"could not load fields from index" in datafeed while creating a ML job

Hi,

I am trying to create a ML job with Advanced Job Creation. The thing is I get an error from datafeed tab that it "Could not load fields from index". I wonder what exactly is going wrong. For instance, if I go to Data Preview tab, I could see the fields in the indices. And also I was able to create a ML job without clicking move to advanced job configuration.

For your inforamation, I am using 7.4.2 for Elasticsearch, Logstash, Kibana. And the _source field for these indices are all enabled.

Does anyone have an idea what I should do here?
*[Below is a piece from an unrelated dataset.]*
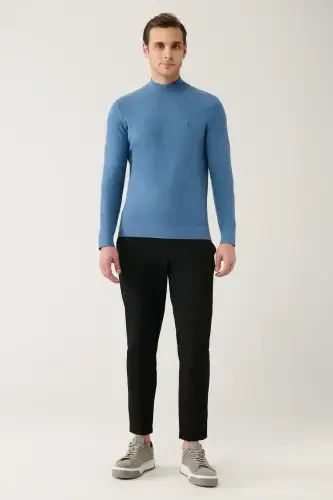 Erkaklar uchun ko'k triko ko'ylagi - 5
Oh yes, I will try creating a Job via Python client.

Have a look at the following error messages I got from Kibana.

image
image

Thanks,

I'd need to know more about:

  1. What the actual detector configuration is (i.e. what fields do you expect to analyze in the ML job)
  2. What the mapping of the index you want to analyze looks like and perhaps a sample document in that index

I don't want to jump to conclusions here, but explicitly setting the index to test-2020-01.01 is probably NOT what you really want to do as this appears to be only 1 day's worth of data. You would normally create an index pattern (such as test-* that will match all timestamp-named indices and ML will handle the proper querying of the data in a chronological way over time)

Hi @richcollier,

Thanks for the reply. Let me go through one by one.

  1. What the actual detector configuration is (i.e. what fields do you expect to analyze in the ML job)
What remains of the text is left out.